#### THE TASK:
Below are the records; repeat exactly their lines between the line holding "1955 CITROEN DS" and the line holding "KISSOSS Printed Slim Fit Cotton T-shirt, Blue", inclusive, skipping the pictures.

#### DATASET:

Segment Open

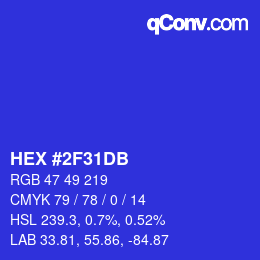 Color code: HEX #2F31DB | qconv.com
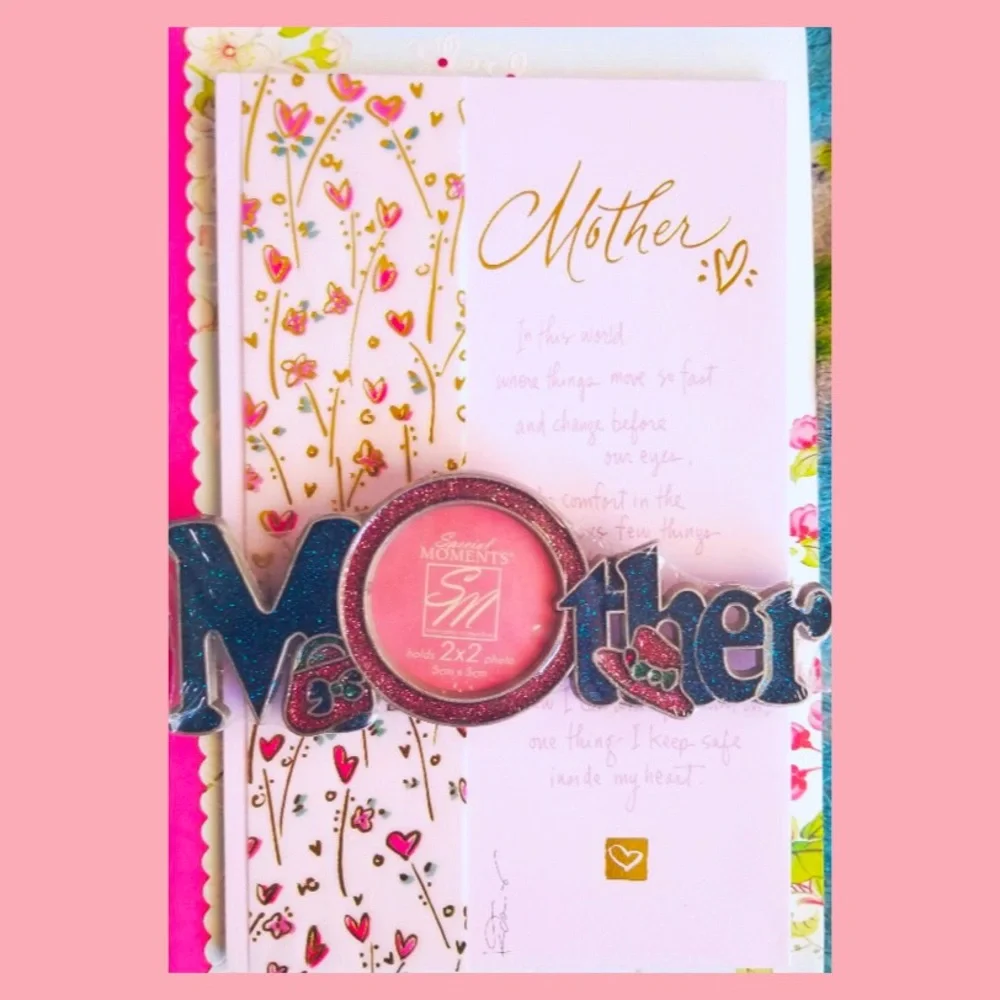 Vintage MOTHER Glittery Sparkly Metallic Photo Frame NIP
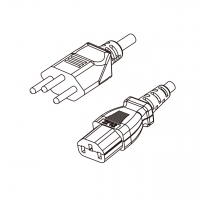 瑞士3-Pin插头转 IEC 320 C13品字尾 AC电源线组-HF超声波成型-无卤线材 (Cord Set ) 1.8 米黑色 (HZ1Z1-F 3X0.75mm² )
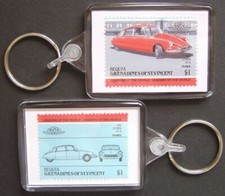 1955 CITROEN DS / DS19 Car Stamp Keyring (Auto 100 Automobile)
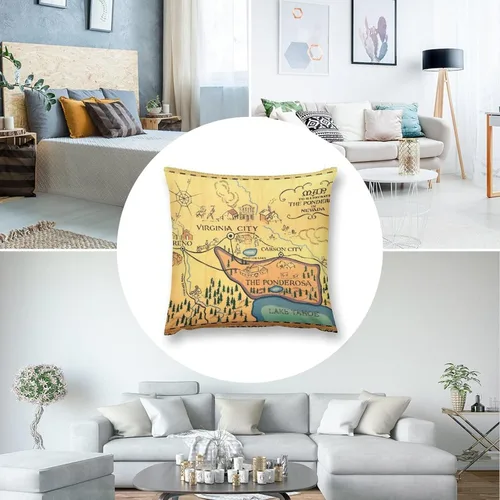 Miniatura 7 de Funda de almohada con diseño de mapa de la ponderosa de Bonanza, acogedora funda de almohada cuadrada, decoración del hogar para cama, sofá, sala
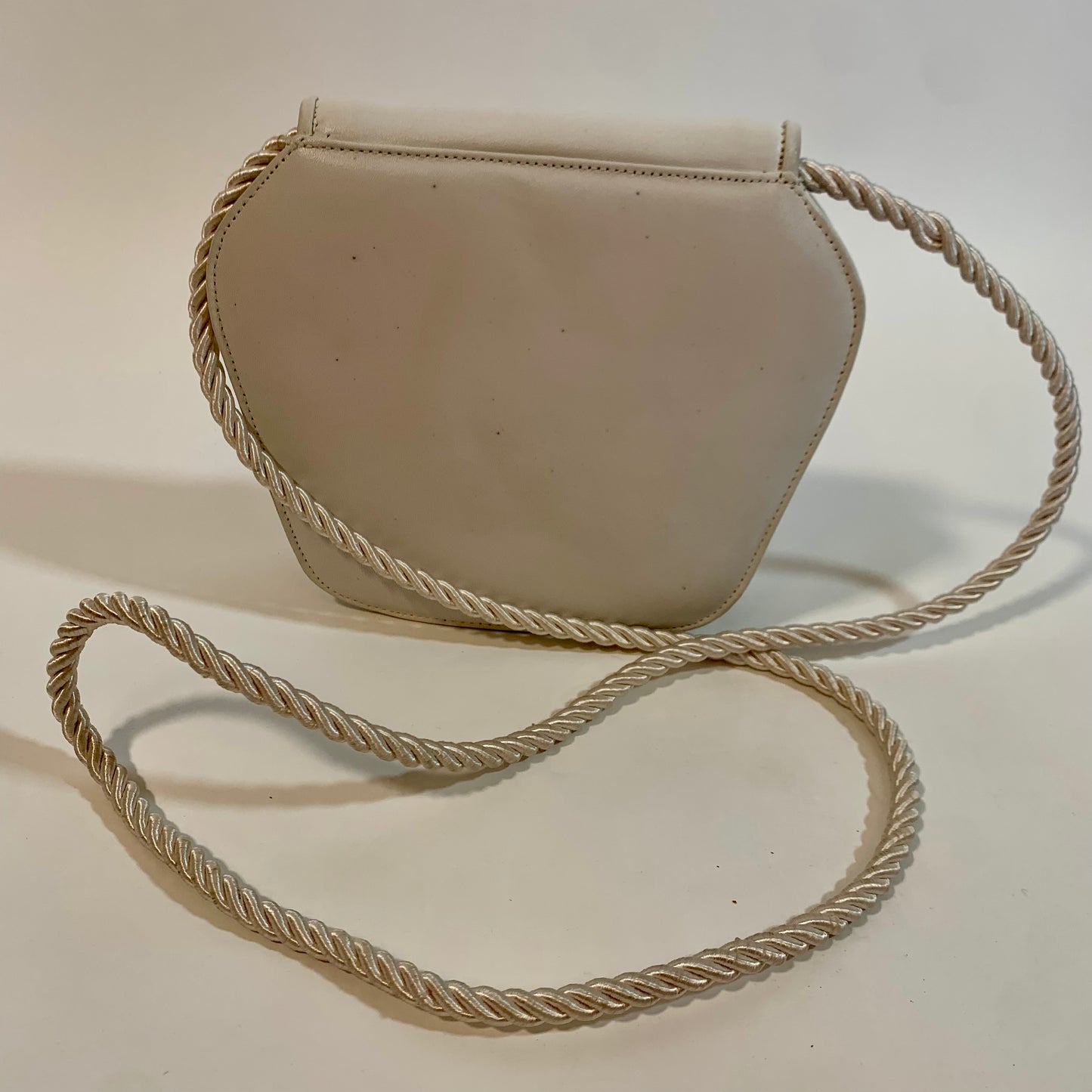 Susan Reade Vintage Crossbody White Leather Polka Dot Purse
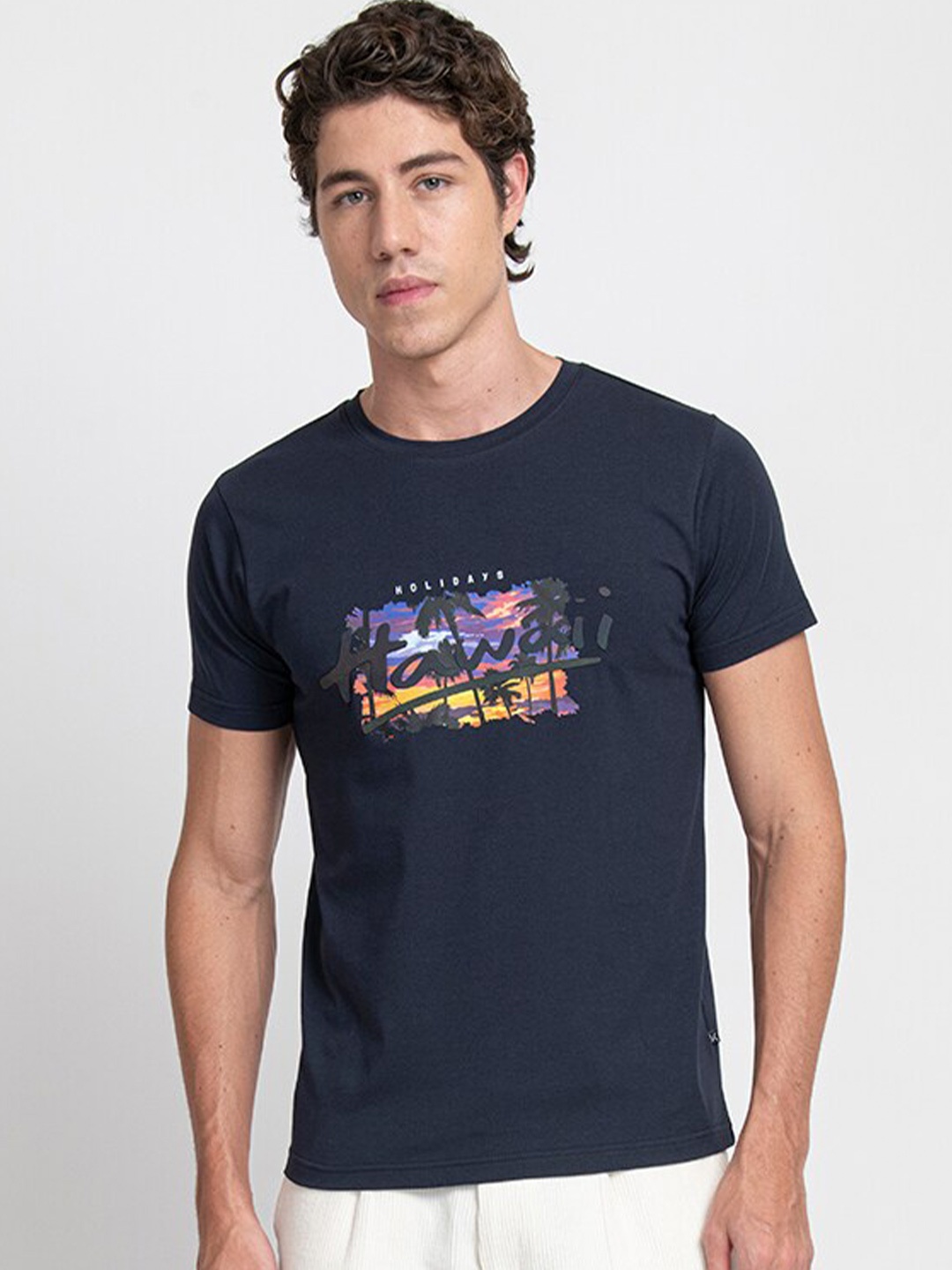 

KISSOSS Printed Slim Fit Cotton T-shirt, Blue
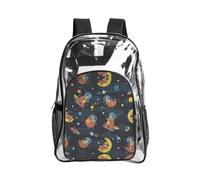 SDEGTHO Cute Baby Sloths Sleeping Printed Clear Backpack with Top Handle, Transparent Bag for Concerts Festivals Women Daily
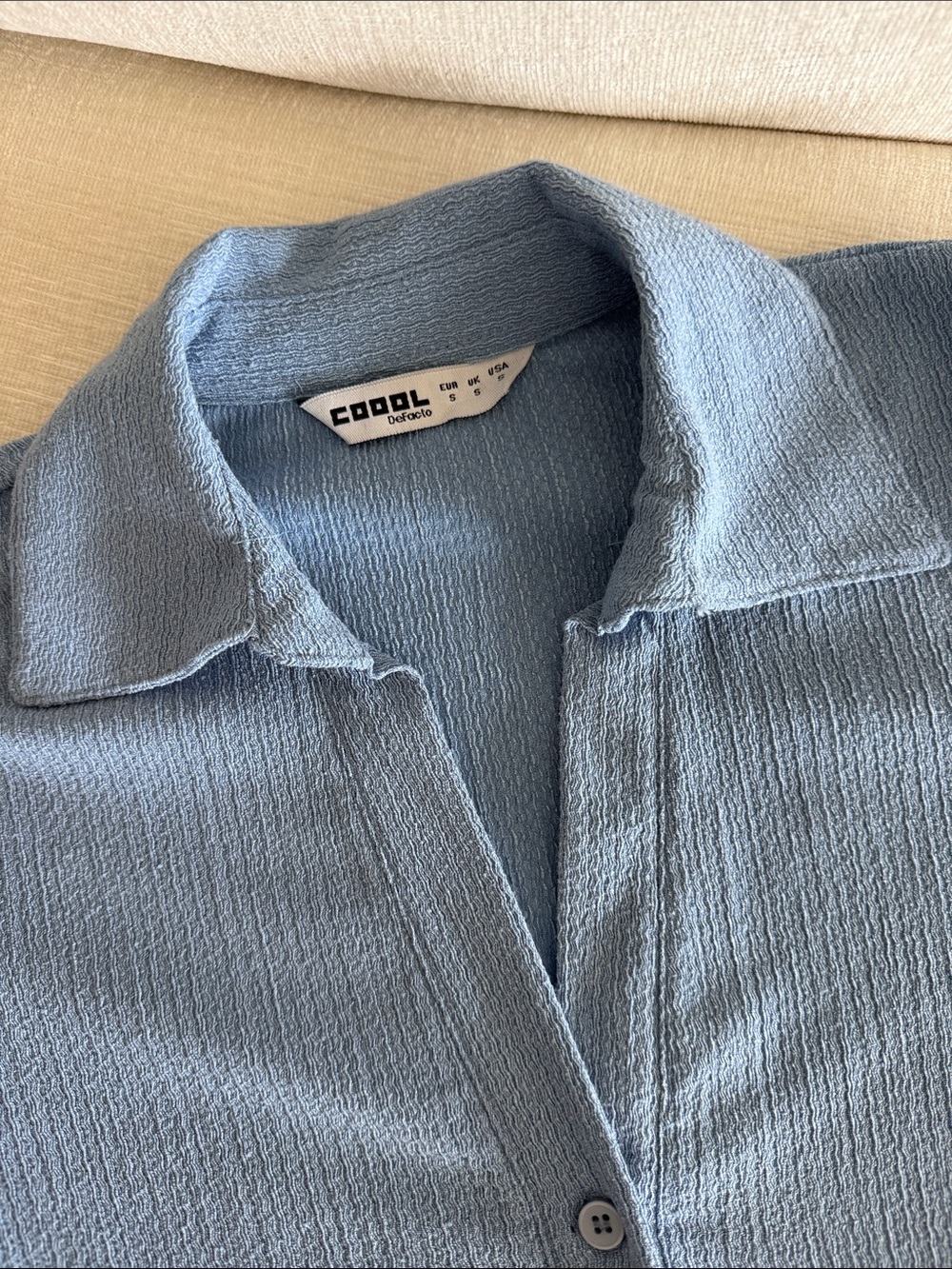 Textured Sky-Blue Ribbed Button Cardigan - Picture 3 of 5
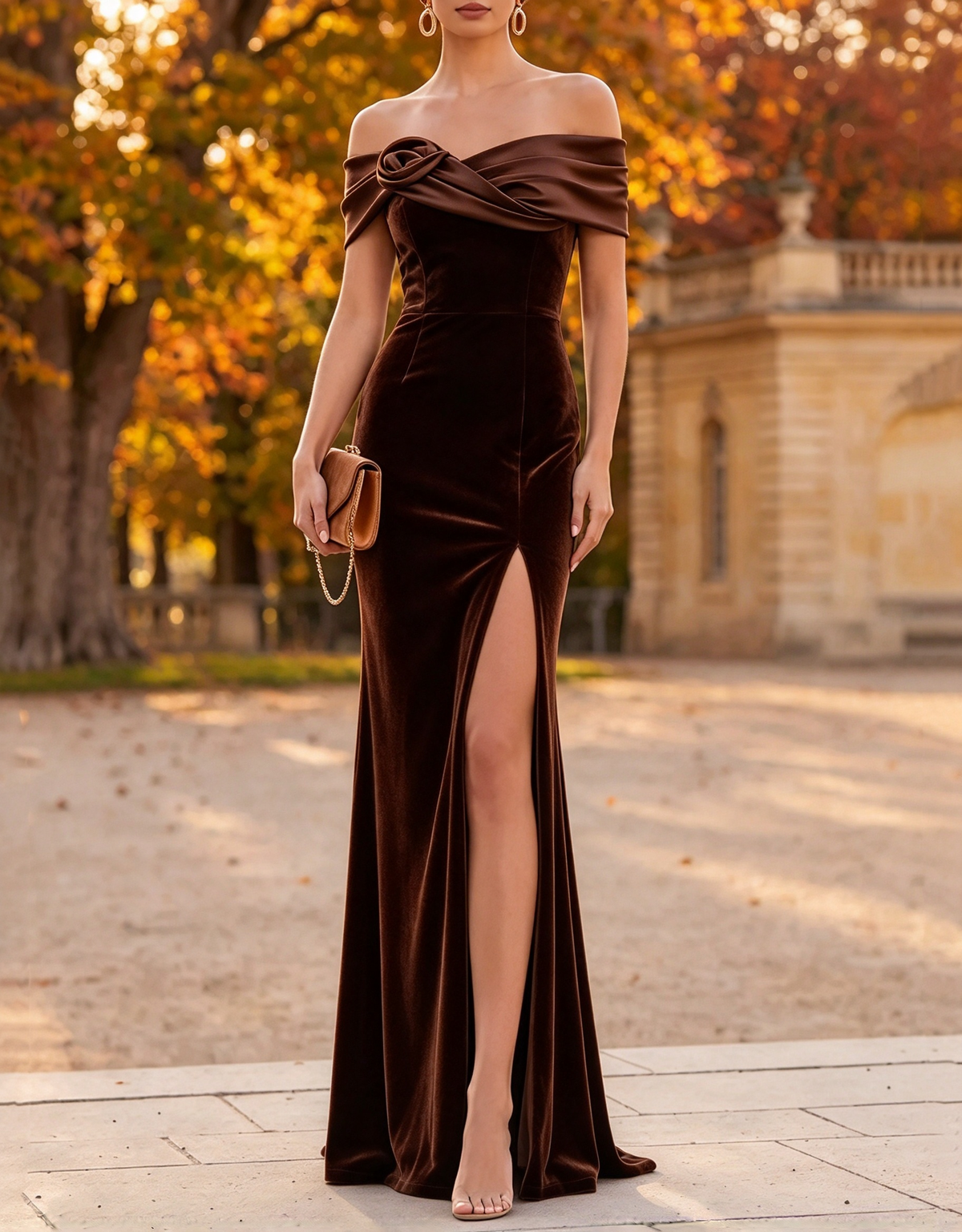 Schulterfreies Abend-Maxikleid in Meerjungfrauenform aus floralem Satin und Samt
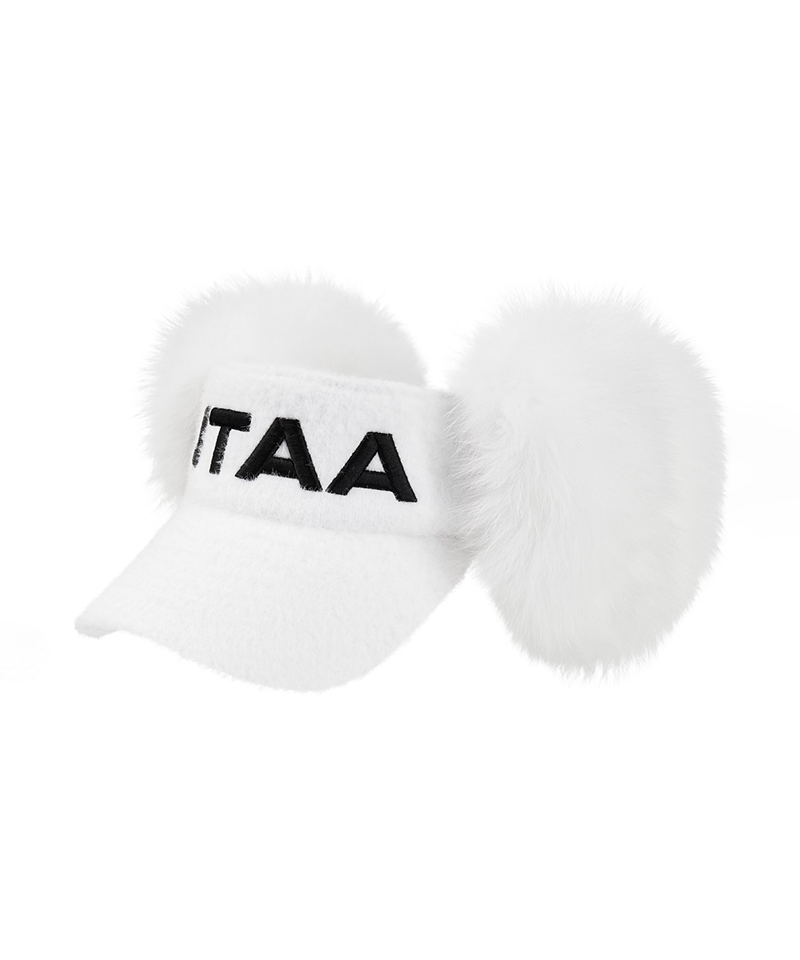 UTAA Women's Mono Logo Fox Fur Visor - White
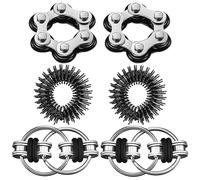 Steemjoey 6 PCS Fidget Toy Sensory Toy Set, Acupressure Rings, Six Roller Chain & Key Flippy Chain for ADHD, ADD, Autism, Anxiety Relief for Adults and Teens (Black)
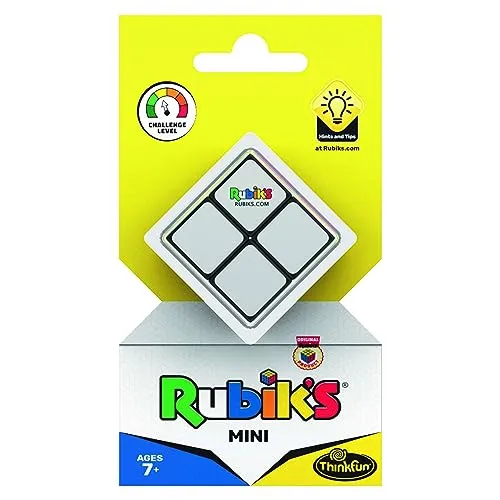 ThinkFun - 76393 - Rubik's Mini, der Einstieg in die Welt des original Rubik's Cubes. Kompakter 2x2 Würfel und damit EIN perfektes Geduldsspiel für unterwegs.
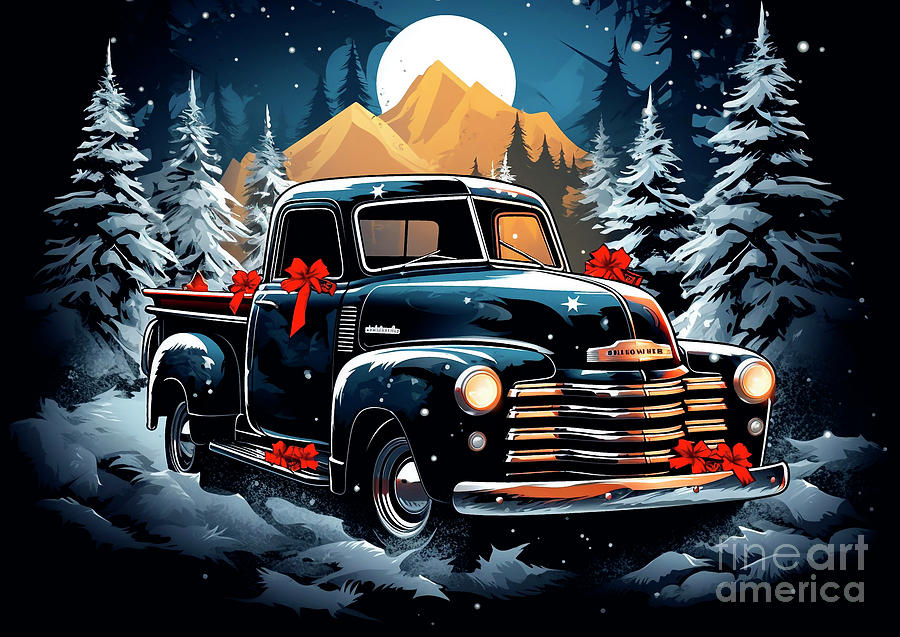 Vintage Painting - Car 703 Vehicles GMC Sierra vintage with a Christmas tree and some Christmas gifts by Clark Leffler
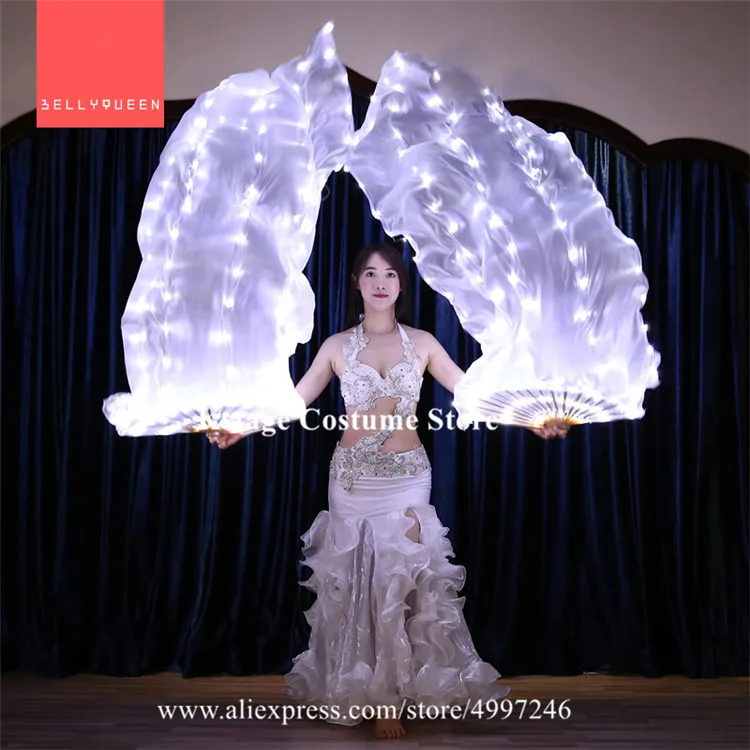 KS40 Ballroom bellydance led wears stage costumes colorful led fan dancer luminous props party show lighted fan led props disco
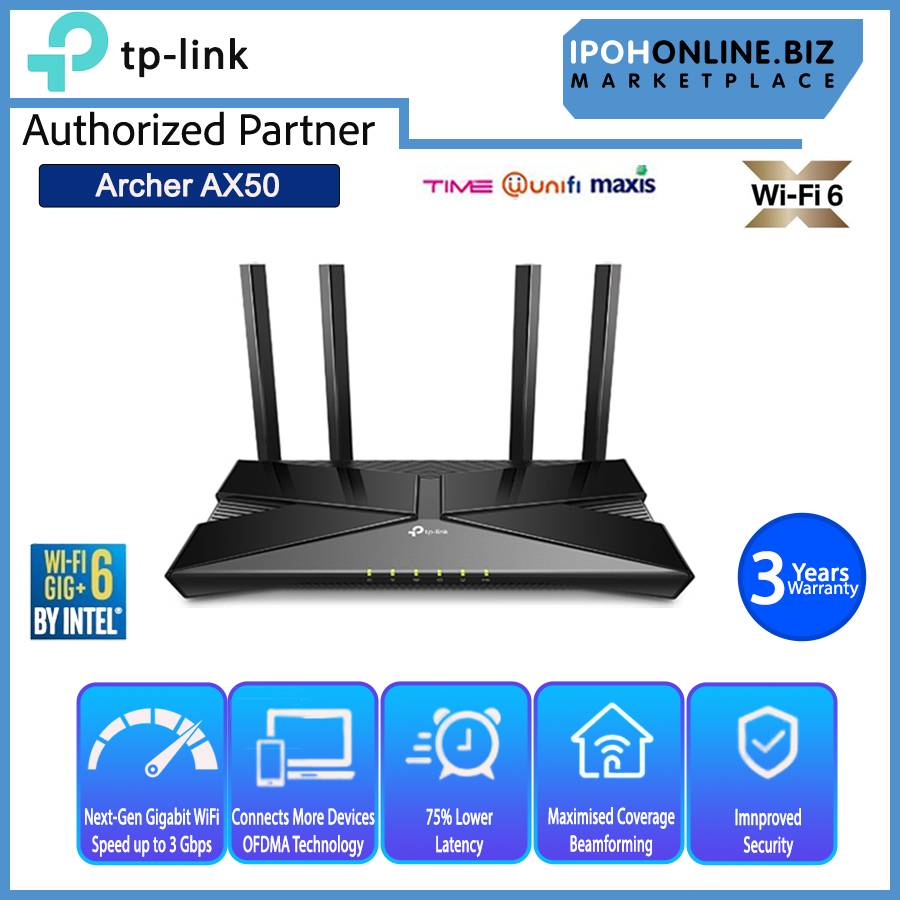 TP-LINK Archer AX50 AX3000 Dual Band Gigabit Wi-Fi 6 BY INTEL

Segment Closed

#### WRITTEN SOLUTION:
 1955 CITROEN DS / DS19 Car Stamp Keyring (Auto 100 Automobile)
 Miniatura 7 de Funda de almohada con diseño de mapa de la ponderosa de Bonanza, acogedora funda de almohada cuadrada, decoración del hogar para cama, sofá, sala
 Susan Reade Vintage Crossbody White Leather Polka Dot Purse

KISSOSS Printed Slim Fit Cotton T-shirt, Blue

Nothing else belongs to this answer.